Hildegard–Justice and Compassion

I am reading Matthew Fox’s new book, Hildegard of Bingen: A Saint for Our Times and I highly recommend it.  Hildegard (b. 1098) now joins Catherine of Siena, Teresa of Avila, and Therese of Lisieux as a doctor in the church. I agree with Matt Fox. If the pope and his curia really understood Hildegard, they never would have elevated her to sainthood—maybe this is why it took eight centuries!

Hildegard wrote, drew mandalas, composed beautiful music (Listen to her Spiritus Sanctus http://www.youtube.com/watch?v=LJEfyZSvg5c), and spoke truth to power, both secular and ecclesiastical leaders. Her writings indicate that she is indeed a saint for our time, truly a saint for our nation in 2012 amid the turmoil of a hotly contested election.

At the same time, I am avidly reading E. J. Dionne’s Our Divided Political Heart. Dionne makes the point that two poles have stretched our political thought—individualism and community. Individualism now holds sway as the philosophy of Russian-born Ayn Rand extols the virtues of rugged individualism. Community with its focus on the common good—a core value in Catholic teaching—has receded into the background fog, at least for the time being. This is basically what separates the visions of Obama and Romney.

Our 11th century saint addresses the political divide and warns us about the excesses of individualism. Hildegard’s focus is on justice and compassion.
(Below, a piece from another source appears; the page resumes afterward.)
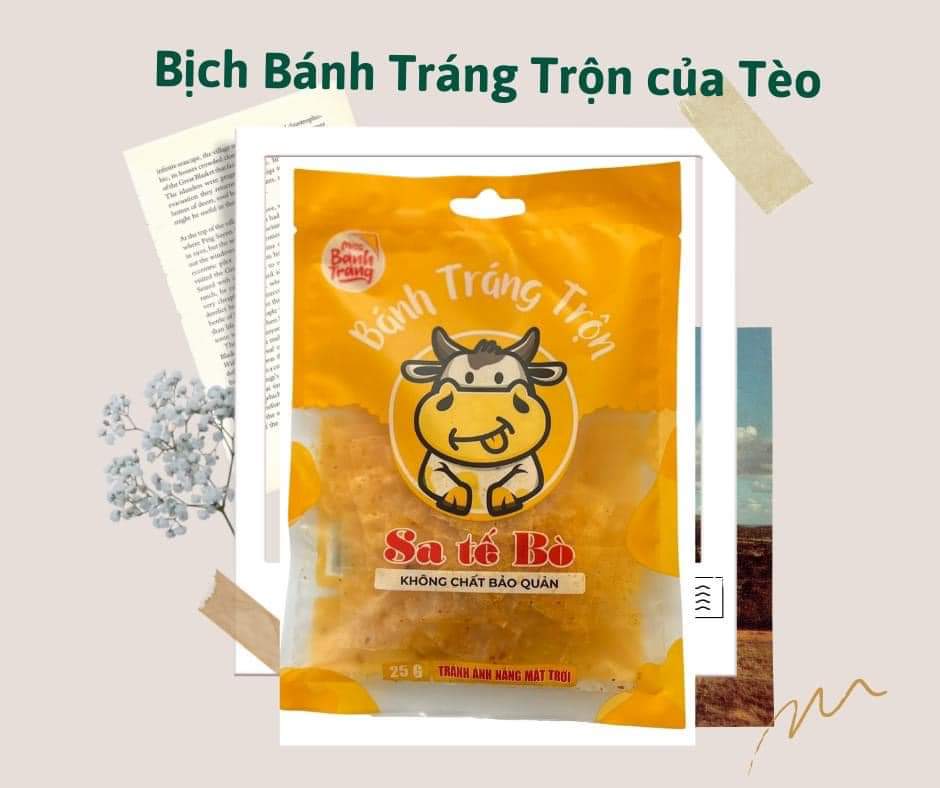BÁNH TRÁNG TRỘN VỊ SATE BÒ SIZE (S) 23g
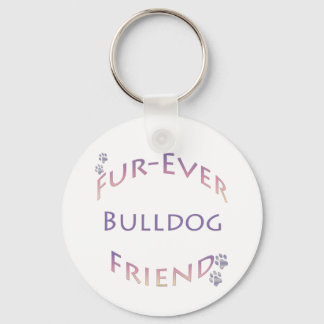 Bulldog Furever Key Ring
She calls justice the Daughter of the King. The root word for compassion is the same as for womb. Note the feminine energy. Incidentally, Merton’s poem Hagia Sophia speaks in the same vein. Wisdom is compassion and justice, both seen as “feminine,” or should we say non-patriarchal images. Hildegard’s words to the hard-hearted ones are:

Why should I do any work [for others]? Why should I wear myself out? Nothing excites me except what benefits me directly. Let God who created all things take care of these things [could this be Adam smith’s benign invisible hand?]. . . For if I am always busy with being compassionate, what good will it do me? What kind of life will I have if I pay attention to all the sad and happy people? I will take care of myself. Let others take care of themselves.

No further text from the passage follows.